By 2:49, the ETFs on the E-Mini, Dow Jones and S&P 500 had rebounded. By 2:50, the broad-based equity indices had recovered to near their 2:30 levels.
Through our review, we have learned that there were about 250 participants in the S&P E-Mini futures contract during the timeframe the market sold off. Of the 250, we have more closely focused our examination to date on the top ten largest longs and top ten shorts. The vast majority of these traders traded on both sides of the market, meaning they both bought and sold during that period – acting, essentially, as liquidity providers. One of these accounts was using the E-Mini contract to hedge and only entered orders to sell.
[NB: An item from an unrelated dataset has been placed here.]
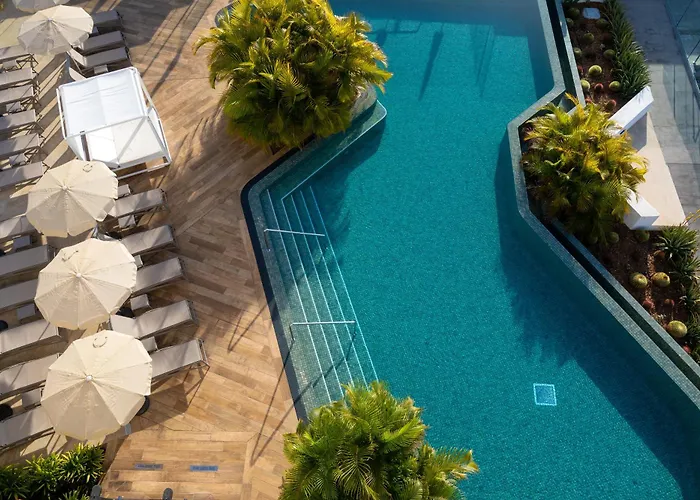 Alexandre Troya Hotel Playa de las Américas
That trader entered the market at around 2:32 and finished trading by around 2:51. The trader had a short futures position that represented on average nine percent of the volume traded during that period. The trader sold on the way down and continued to do so even as the price level recovered. This trader and others have executed hedging strategies of similar size previously.
Exchanges and market participants have stated their belief that it is unlikely that a “fat finger” mistake caused the heavy volatility of May 6. To date the CFTC staff review produced no evidence indicating that a “fat finger” was the catalyst.
Despite high volatility, the clearing and settlement for trading that took place on May 6 at CME and ICE US worked effectively and without incident, including the movement of funds that took place during the intra-day settlement cycle. The amount that the CME collected and paid to its clearing members as a result of the mark-to-market calculation for all CME contracts was slightly more than $4 billion; the amount collected and paid by ICE US to its clearing members was approximately $750 million. All margin calls were met on time, although there were no intra-day margin calls during the price spike. Clearing and settlement for trading that took place on CME and ICE US on Friday, May 7, 2010, also worked well.
Review by the CFTC in Coordination with the SEC
Since Thursday, the CFTC and the SEC have been actively coordinating efforts to review that day's unusual market activity. The agencies' market oversight and trading divisions have been in regular communication, exchanging insights, ideas and expertise.
This morning, the CFTC and SEC jointly announced the formation of a CFTC-SEC Advisory Committee on Emerging Regulatory Issues, which was proposed last fall as part of the SEC-CFTC Harmonization report. The Committee will take up as its first task a formal review of the events of last Thursday and make recommendations as appropriate. The Joint Advisory Committee, made up of market practitioners, academics and former regulators, will begin meeting shortly and will issue its review as soon as possible. The staff of the CFTC and SEC will provide to the Committee and Congress joint preliminary findings regarding last Thursday’s market events on Monday.
Independent from Thursday’s events, the CFTC currently is considering the implications of co-location and high-frequency trading. We also are considering a rule related to account identification so that the CFTC can collect better and more-detailed information on each trader in the futures markets.
Last Thursday’s events remind us of the need for one of the critical components of financial reform: bringing transparency to the over-the-counter derivatives markets so that regulators can also see what occurred in those markets.
I thank you again for inviting me to testify today. I look forward to your questions.